A New York call girl is on the run and becomes immersed in a life-or-death train ride that takes her to Philadelphia.

A wrung-out detective with a drink problem and a bad marriage sets out to save the call girl but finds he is stumbling in the dark.

A young reporter learns life is more than theory.

A song was reverberating through Richard Swift’s head – Riders On The Storm by The Doors. There was no reason for it. He didn’t particularly like the song; hadn’t recently heard it playing on the radio and wasn’t a fan of a band that had been in its brief heyday before he was born. But it was one of those songs everyone knew – the sort that could burrow into the ear every now and then.

So Richard was preoccupied at the moment his life was about to change. He was in a travel agency opposite the girl that was about to change it. Her nametag stated she was Amelia. They were on either side of a glass-topped desk with a telephone, a monitor screen and several glossy holiday brochures between them. Concealed on a shelf at the side of the desk, a computer tower hummed quietly in the background. There was the chink of cups from a small adjacent kitchen; otherwise, they were temporarily alone, except that was for the spirit of Jim Morrison, whose lyrics were about to be superseded.

Having uttered a flippant aside – something relatively innocent to do with Virgin Airlines – it had been seized upon, the retort becoming the equivalent of a verbal service return in a tennis match.

Using a slender hand, Amelia tossed a rush of hair behind her shoulders, scanning him with narrowing green eyes. f felt himself wither before the gaze that cut through him. Alarmingly, Amelia had a knowing expression that indicated she had possession of not only the pictures, but also the negatives that portrayed his life story.

“You are a naughty boy. And you know what happens to naughty boys, don’t you, Richard?”

A stunned and grappling-to-respond Richard sat riveted to his chair as her words swirled in his head.

Every so often something like this happened in his life. Invariably it turned out to be a joke, or the kind of remark to which he should attach no importance. Experience had taught him to squirm inwardly, to change the subject or to ignore the mention of any such a reference. Whatever else, he knew it was wiser to keep quiet rather than blurt out something stupid or incriminating that he would later regret.

In this case, all he could see was the undeniable beauty of the girl opposite, impelling him to offer some kind of response.

“I’m not too sure; why don’t you tell me?” was his eventual stilted reply.

“If you haven’t found out by now, it’s high time you did.”

“Perhaps you should demonstrate.”

“You wouldn’t like it.”

• • •

Peter Moon was born in London, England. He left school at an early age, drifting round the world on tramp steamers, but further education proved his salvation as he went on to study journalism. After a couple of junior positions with local newspapers, a fascination with horseracing meant he decided to specialize as a freelance writer in that sphere. He has worked as a reporter, a racing analyst, and for a while was linked with one of the major bookmakers, with whom he was a liaison officer. Over the past ten years he has been a freelance editor and copywriter as well as a contributor to various websites and publications.
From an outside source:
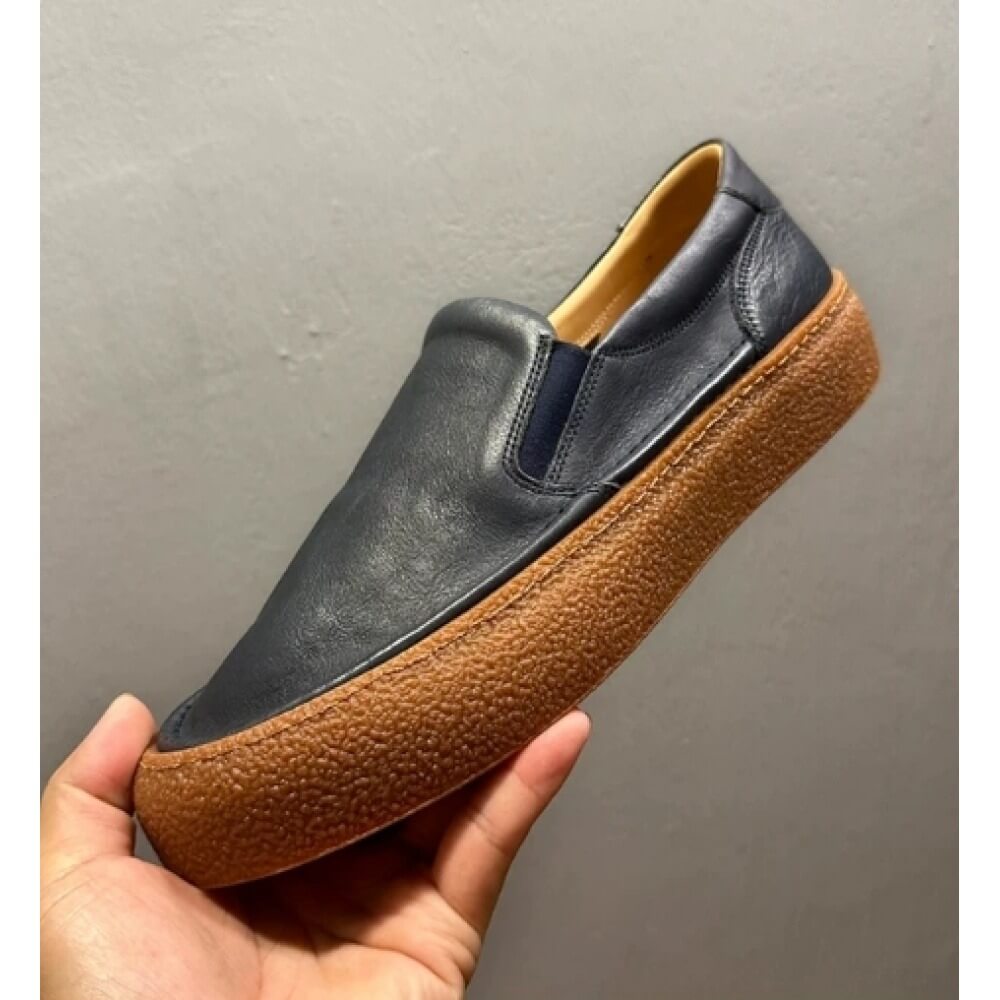 Men'S Shoes Navy Blue - Marineblauwe leren loafers, met dikke, gomachtige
He lives with his partner, Rosemary, in a small Hampshire village a few miles from the Berkshire border close to Newbury.

Find Peter online at --

Tirgearr Publishing

Don't forget to comment for your chance to win a free copy of this book.


  1. Welcome to Heart of Fiction, Peter, and congrats on your novel's release.

    You've had a varied and interesting life, so far, which includes journalism. What inspired you to try writing fiction?

    1. I have always written fiction Kemberlee. I completed my first novel - inspired by Ian Fleming's James Bond - when I was thirteen. Featuring Charles Hood, it was useless of course - mainly because I was only copying Mr Fleming and hadn't a clue about the subject matter. Going from memory it was called A Piece Of Cake. Since then I have written several short stories and have a portfolio of half- completed projects that I am keen to finish. I acquired an agent about ten years ago (we have parted company since) and completed two novels. Jumping China - about a detective that finds himself more attuned to his quarry than to his job - was well received and the rejections were encouraging; but they were rejections nonetheless. Utopia Unravelled was much more mature and profound. At the time it was my Magnum Opus - or so I thought!
      The readers at the publishers hated it! But no writing is wasted and I would like to think I have learned plenty from both experiences. I think you know when you have truly written something that is good.
      Writing is no different from any other acquired art. You have to practice and never get complacent. I love it!

  2. I enjoyed reading the above post, you certainly are a busy man Peter, best wishes with your writing.

    1. Thank you Mary. Nice of you to comment. You sound interesting yourself; and it seems we have a common link with Papa Hemingway.